Furthermore, the EGFP-positive fibers in the liver appear to be osmosensitive as they exhibit robust increases in pERK staining after intake of 1 ml water in transgenic mice ( Figure 5D). In Ca2+-imaging experiments a striking 53% of the acutely isolated thoracic EGFP-positive neurons responded to the 230 mOsm stimulus (41/77 neurons), a significantly

higher proportion than found in EGFP-negative thoracic neurons (15%, 21/140 neurons) and of nonselected neurons in wild-type mice (31%, 62/217 neurons), p < 0.01 and p < 0.05 chi-square test ( Figure 5E). Thus, osmosensitive neurons are enriched within the population of EGFP-positive thoracic DRGs many of which innervate the liver. However, though very supportive, these results did not clarify whether cells that give rise to this website pERK-positive fibers in vivo and cells that are osmosensitive in cultures constitute the same subpopulation of thoracic DRG neurons. To test directly whether thoracic neurons with an osmosensitive current are hepatic osmoreceptors, we retrogradely labeled hepatic sensory neurons by injecting click here an Alexa Fluor-488 conjugated dextran amine into the liver. Three to four days after tracer injection into the liver, the thoracic ganglia were isolated and whole-cell patch-clamp recordings made from identified hepatic afferent neurons (Figure 6A). As a control for tracer leakage, DRGs were cultured from nearby spinal segments, but no labeled neurons were found. Strikingly,

almost all the hepatic afferent neurons 91.3% (21/23 cells) possessed a fast inward current in response to local perfusion of a 260 mOsm hypo-osmotic

solution (Figures 6A and 6B, green bars).

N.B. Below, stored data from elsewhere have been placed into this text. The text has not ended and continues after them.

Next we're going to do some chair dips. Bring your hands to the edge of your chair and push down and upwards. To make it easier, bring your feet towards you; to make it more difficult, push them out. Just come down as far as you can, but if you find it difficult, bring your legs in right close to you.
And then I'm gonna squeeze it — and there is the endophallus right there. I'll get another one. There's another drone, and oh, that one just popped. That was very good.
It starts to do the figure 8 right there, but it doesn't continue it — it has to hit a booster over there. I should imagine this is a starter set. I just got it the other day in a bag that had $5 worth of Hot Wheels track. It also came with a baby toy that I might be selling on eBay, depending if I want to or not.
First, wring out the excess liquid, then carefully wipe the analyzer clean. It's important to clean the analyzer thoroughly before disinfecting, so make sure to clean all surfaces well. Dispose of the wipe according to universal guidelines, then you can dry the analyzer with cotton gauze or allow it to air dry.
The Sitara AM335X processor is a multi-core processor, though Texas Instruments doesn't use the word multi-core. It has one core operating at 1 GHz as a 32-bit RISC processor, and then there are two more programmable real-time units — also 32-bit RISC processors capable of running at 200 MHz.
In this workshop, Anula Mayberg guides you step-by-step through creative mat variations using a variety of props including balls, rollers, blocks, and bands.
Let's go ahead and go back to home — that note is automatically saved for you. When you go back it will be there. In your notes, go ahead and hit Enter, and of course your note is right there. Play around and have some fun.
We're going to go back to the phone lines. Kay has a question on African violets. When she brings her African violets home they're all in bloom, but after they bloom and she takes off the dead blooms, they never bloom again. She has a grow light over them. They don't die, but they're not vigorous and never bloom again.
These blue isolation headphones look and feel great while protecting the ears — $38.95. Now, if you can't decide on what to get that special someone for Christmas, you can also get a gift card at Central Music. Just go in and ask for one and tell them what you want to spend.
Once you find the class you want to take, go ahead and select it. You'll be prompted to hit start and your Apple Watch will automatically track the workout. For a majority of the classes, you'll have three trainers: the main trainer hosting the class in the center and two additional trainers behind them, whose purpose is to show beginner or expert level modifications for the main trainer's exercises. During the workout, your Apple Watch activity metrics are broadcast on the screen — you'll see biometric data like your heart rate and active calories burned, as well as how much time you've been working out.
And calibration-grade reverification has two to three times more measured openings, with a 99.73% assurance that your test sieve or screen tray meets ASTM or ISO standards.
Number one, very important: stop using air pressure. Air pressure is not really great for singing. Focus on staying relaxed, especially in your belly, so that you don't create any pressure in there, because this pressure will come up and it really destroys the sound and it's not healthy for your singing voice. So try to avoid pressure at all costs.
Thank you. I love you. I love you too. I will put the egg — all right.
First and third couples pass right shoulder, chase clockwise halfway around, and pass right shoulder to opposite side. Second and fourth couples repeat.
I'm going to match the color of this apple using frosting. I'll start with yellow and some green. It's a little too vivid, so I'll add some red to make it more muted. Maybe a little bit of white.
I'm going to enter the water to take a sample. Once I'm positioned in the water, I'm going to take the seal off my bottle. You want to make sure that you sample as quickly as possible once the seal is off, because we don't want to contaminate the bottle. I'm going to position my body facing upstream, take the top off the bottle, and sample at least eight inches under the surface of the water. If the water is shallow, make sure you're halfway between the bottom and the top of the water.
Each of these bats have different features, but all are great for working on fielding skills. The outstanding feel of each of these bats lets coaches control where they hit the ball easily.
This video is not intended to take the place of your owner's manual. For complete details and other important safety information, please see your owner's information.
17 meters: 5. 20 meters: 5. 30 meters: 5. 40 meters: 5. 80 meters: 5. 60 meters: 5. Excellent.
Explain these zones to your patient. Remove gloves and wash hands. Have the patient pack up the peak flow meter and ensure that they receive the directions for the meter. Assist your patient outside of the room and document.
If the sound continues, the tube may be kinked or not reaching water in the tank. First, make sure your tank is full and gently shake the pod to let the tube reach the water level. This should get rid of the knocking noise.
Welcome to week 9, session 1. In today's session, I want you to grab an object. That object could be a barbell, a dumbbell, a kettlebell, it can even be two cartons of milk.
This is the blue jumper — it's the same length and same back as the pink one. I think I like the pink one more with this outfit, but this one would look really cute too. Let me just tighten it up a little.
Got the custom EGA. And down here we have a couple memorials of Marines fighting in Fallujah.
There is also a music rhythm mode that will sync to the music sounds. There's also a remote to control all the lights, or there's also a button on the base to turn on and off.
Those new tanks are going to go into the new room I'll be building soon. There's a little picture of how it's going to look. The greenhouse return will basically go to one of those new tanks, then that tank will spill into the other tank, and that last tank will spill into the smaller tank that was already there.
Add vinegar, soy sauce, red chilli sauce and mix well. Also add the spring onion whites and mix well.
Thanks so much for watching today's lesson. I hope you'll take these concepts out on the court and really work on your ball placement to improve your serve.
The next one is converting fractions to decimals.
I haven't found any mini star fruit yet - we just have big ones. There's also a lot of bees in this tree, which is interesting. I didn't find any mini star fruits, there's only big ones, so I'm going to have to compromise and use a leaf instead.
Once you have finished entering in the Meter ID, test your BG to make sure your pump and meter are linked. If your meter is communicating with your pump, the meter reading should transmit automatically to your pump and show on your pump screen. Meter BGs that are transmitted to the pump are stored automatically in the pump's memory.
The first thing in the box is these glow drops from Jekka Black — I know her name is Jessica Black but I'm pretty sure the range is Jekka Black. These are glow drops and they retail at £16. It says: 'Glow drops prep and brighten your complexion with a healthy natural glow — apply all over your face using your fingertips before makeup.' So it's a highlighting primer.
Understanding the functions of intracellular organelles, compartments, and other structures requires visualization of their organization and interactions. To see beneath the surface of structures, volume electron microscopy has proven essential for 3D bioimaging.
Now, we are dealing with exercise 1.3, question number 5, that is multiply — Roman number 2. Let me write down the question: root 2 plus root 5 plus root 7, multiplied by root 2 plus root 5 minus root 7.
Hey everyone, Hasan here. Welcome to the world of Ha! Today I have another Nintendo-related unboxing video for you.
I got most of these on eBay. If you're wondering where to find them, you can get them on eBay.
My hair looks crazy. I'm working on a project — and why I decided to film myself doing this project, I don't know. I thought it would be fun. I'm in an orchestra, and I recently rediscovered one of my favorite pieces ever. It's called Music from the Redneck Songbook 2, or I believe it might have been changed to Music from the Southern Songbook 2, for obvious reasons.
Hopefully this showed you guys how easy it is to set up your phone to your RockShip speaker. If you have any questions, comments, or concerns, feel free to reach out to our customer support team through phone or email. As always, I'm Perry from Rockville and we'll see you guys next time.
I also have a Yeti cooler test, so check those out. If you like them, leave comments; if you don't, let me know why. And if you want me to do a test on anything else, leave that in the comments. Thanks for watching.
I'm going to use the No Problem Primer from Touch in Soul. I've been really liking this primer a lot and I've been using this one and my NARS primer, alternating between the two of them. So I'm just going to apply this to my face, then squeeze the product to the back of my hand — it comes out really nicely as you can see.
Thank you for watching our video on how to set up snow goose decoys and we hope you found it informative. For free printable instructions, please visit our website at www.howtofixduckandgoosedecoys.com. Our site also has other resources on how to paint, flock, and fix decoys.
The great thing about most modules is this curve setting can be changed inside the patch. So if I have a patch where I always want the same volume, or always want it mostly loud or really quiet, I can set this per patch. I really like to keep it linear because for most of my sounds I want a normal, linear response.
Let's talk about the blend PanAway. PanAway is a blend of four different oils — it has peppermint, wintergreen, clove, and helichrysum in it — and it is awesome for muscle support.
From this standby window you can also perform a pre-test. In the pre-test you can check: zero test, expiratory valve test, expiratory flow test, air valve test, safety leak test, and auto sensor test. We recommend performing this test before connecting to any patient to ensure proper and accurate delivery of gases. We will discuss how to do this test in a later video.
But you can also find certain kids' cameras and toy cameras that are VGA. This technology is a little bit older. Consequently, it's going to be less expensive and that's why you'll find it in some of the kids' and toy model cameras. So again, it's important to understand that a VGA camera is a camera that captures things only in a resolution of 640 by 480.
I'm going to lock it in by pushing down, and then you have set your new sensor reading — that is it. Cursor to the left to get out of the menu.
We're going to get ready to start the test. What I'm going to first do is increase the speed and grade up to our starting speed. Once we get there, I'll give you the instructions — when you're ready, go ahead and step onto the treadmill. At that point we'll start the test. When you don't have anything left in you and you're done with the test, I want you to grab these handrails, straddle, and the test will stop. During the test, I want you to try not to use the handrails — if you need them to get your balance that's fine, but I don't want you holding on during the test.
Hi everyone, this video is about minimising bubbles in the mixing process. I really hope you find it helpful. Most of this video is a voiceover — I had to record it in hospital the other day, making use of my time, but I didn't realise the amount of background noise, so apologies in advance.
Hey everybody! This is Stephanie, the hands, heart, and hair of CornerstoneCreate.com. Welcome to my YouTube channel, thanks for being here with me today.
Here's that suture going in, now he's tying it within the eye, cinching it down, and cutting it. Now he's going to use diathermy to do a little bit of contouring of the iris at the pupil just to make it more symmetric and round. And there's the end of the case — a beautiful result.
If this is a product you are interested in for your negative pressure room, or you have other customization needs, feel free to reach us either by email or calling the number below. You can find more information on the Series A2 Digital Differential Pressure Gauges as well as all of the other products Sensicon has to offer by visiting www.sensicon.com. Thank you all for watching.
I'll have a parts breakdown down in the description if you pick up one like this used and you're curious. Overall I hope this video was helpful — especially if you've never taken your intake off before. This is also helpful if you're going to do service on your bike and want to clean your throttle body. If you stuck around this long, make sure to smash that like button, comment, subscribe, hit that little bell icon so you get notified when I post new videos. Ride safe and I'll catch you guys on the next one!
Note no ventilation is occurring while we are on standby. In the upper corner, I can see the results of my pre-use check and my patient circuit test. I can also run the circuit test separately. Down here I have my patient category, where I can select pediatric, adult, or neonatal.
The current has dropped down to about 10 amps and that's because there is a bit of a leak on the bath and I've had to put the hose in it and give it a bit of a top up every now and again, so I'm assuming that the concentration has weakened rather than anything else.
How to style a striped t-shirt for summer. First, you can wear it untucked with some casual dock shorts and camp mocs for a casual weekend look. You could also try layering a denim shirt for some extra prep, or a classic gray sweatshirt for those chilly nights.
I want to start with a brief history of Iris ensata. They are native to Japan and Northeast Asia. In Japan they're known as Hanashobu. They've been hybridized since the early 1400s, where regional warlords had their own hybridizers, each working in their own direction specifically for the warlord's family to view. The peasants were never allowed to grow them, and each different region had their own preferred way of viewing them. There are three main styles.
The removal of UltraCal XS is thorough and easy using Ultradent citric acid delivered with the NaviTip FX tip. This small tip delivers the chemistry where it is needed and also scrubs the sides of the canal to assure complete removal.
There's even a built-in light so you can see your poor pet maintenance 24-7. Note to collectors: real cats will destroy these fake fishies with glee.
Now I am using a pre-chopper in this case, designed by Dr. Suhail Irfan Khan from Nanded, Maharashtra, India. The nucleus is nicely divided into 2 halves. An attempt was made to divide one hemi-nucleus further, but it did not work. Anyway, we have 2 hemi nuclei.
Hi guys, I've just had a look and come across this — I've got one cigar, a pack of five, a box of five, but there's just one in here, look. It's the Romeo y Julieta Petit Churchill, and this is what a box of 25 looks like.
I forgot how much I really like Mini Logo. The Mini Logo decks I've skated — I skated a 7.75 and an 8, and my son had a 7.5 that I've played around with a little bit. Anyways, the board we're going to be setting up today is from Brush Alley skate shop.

The proportion too of osmosensitive neurons among the labeled hepatic afferent neurons (21/23 cells) was significantly higher than that found in randomly selected neurons from T7–T13 DRGs (25/37 cells, p < 0.05; Student’s unpaired t test; Figure 6B, black bars). In contrast, identified hepatic afferent neurons from Trpv4−/− mice only infrequently exhibited an inward current to hypo-osmotic stimulation 31.6% (6/19 cells), significantly different from wild-type neurons 91.3% (21/23 cells) chi-square test p < 0.01. Interestingly, the remaining osmosensitive currents found in Trpv4−/− mice were kinetically indistinguishable from those found in wild-type mice ( Figure S2). However, closer inspection of osmosensitive and nonosmosensitive neurons revealed that these two classes of neurons were also different in other respects. Identified hepatic sensory neurons that had lost their osmosensitivity in Trpv4−/− mice were significantly smaller (23.9 ± 0.8 μm versus 35 ± 1.6 μm, p < 0.001, Student’s paired t test) and had wider action potentials (3.35 ± 0.18 ms versus 1.60 ± 0.11 ms, p < 0.001, Student’s paired t test) than neurons that retain their osmosensitivity. Moreover, the small TRPV4-dependent osmosensitive neurons were more excitable as they fired an average of 2.9 ± 0.